--- START ---

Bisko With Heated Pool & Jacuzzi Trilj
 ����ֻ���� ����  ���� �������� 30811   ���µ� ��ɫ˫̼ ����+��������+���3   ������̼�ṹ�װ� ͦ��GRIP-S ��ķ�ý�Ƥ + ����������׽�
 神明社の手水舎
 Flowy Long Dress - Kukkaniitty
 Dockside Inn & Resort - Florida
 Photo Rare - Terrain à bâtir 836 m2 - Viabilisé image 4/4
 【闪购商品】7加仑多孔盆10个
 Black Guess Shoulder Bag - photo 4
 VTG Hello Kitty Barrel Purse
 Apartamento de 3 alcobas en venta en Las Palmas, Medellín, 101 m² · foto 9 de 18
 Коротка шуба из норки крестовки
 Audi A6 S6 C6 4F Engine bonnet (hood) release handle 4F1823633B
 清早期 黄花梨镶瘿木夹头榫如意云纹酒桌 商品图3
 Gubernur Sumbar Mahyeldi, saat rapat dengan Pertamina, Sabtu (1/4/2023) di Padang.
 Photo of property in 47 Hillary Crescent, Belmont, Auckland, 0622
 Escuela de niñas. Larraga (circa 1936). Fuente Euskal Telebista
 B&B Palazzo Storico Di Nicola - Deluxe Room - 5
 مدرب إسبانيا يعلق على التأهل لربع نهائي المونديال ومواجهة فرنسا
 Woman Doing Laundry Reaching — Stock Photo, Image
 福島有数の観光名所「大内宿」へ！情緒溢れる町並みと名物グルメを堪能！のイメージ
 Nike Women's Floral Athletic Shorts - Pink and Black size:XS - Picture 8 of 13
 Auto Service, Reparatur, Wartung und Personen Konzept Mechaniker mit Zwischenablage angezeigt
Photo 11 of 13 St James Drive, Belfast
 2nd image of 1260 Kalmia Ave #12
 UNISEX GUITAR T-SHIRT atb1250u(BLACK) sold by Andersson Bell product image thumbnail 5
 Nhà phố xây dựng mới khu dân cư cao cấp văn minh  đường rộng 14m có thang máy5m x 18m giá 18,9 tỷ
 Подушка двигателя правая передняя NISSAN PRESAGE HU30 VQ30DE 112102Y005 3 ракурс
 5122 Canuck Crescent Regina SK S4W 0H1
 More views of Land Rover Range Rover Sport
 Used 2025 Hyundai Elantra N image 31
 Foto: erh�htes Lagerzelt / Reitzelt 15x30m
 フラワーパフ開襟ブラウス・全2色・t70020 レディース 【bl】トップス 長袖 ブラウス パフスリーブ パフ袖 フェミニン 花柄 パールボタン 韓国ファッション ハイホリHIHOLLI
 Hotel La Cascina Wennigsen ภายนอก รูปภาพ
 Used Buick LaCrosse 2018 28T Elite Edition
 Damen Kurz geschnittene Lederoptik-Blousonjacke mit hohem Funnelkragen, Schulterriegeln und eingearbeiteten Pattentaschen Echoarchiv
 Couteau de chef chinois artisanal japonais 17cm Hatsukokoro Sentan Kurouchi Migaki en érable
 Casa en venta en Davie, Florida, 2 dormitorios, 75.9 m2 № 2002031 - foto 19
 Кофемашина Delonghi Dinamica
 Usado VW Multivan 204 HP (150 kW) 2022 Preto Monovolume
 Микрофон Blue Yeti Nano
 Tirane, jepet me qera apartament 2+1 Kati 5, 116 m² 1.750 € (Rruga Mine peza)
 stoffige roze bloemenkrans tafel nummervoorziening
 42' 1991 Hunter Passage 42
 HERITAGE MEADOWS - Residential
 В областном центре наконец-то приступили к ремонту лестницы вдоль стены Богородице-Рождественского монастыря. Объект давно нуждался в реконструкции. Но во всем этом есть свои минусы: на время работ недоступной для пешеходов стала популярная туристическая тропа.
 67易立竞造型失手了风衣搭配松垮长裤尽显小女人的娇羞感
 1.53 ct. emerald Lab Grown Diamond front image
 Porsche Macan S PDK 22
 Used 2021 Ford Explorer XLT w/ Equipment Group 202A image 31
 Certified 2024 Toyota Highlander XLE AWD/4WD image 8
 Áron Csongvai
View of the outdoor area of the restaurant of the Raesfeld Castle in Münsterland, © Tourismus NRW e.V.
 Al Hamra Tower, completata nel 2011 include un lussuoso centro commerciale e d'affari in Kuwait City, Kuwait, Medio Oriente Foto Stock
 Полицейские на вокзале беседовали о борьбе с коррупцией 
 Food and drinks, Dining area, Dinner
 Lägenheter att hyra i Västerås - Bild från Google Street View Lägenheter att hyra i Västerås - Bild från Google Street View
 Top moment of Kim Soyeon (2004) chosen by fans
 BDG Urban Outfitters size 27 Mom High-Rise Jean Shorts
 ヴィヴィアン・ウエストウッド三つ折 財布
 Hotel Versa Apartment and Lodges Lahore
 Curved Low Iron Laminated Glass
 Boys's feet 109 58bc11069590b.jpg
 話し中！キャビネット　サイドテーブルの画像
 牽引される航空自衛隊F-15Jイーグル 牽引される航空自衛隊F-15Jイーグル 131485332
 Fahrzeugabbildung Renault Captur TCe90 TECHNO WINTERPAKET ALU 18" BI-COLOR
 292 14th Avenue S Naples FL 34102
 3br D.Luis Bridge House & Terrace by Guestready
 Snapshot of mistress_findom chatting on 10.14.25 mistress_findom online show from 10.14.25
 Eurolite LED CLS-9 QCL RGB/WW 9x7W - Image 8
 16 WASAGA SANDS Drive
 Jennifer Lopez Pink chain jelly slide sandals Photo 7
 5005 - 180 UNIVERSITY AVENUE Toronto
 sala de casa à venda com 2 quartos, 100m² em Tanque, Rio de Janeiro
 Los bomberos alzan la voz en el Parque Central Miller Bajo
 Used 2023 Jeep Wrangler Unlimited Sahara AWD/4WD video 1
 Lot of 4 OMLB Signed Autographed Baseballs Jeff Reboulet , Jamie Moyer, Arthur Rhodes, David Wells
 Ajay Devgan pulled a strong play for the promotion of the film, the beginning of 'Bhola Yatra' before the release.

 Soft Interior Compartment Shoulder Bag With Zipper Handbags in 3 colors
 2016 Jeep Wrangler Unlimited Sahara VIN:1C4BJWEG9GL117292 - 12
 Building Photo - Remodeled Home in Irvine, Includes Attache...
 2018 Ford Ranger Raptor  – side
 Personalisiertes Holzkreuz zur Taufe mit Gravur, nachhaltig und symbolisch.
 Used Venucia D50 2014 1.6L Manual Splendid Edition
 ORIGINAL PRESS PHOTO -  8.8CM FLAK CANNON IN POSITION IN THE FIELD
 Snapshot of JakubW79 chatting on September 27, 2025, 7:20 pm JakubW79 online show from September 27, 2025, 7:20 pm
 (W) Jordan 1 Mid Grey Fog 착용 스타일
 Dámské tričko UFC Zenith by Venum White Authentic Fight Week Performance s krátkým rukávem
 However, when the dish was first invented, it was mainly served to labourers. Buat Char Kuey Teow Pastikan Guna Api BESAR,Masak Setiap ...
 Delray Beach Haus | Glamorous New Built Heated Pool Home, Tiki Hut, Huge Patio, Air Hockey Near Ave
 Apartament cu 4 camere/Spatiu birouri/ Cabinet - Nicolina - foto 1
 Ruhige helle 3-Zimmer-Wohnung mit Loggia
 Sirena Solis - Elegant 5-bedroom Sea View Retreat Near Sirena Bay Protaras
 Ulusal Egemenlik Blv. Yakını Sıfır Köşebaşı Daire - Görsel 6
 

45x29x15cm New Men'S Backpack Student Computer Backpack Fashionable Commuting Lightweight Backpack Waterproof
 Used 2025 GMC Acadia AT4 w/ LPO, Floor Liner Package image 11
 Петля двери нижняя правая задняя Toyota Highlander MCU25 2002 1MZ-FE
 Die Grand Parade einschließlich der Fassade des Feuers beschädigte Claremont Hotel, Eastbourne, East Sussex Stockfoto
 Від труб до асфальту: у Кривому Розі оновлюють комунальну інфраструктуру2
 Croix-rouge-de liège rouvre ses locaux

--- END ---

**Exercise brief:** In the material above, transcribe exactly the lines beginning at the one with "Photo of property" and ending at the one with "HERITAGE MEADOWS - Residential", both included.

**Worked solution:**
 Photo of property in 47 Hillary Crescent, Belmont, Auckland, 0622
 Escuela de niñas. Larraga (circa 1936). Fuente Euskal Telebista
 B&B Palazzo Storico Di Nicola - Deluxe Room - 5
 مدرب إسبانيا يعلق على التأهل لربع نهائي المونديال ومواجهة فرنسا
 Woman Doing Laundry Reaching — Stock Photo, Image
 福島有数の観光名所「大内宿」へ！情緒溢れる町並みと名物グルメを堪能！のイメージ
 Nike Women's Floral Athletic Shorts - Pink and Black size:XS - Picture 8 of 13
 Auto Service, Reparatur, Wartung und Personen Konzept Mechaniker mit Zwischenablage angezeigt
Photo 11 of 13 St James Drive, Belfast
 2nd image of 1260 Kalmia Ave #12
 UNISEX GUITAR T-SHIRT atb1250u(BLACK) sold by Andersson Bell product image thumbnail 5
 Nhà phố xây dựng mới khu dân cư cao cấp văn minh  đường rộng 14m có thang máy5m x 18m giá 18,9 tỷ
 Подушка двигателя правая передняя NISSAN PRESAGE HU30 VQ30DE 112102Y005 3 ракурс
 5122 Canuck Crescent Regina SK S4W 0H1
 More views of Land Rover Range Rover Sport
 Used 2025 Hyundai Elantra N image 31
 Foto: erh�htes Lagerzelt / Reitzelt 15x30m
 フラワーパフ開襟ブラウス・全2色・t70020 レディース 【bl】トップス 長袖 ブラウス パフスリーブ パフ袖 フェミニン 花柄 パールボタン 韓国ファッション ハイホリHIHOLLI
 Hotel La Cascina Wennigsen ภายนอก รูปภาพ
 Used Buick LaCrosse 2018 28T Elite Edition
 Damen Kurz geschnittene Lederoptik-Blousonjacke mit hohem Funnelkragen, Schulterriegeln und eingearbeiteten Pattentaschen Echoarchiv
 Couteau de chef chinois artisanal japonais 17cm Hatsukokoro Sentan Kurouchi Migaki en érable
 Casa en venta en Davie, Florida, 2 dormitorios, 75.9 m2 № 2002031 - foto 19
 Кофемашина Delonghi Dinamica
 Usado VW Multivan 204 HP (150 kW) 2022 Preto Monovolume
 Микрофон Blue Yeti Nano
 Tirane, jepet me qera apartament 2+1 Kati 5, 116 m² 1.750 € (Rruga Mine peza)
 stoffige roze bloemenkrans tafel nummervoorziening
 42' 1991 Hunter Passage 42
 HERITAGE MEADOWS - Residential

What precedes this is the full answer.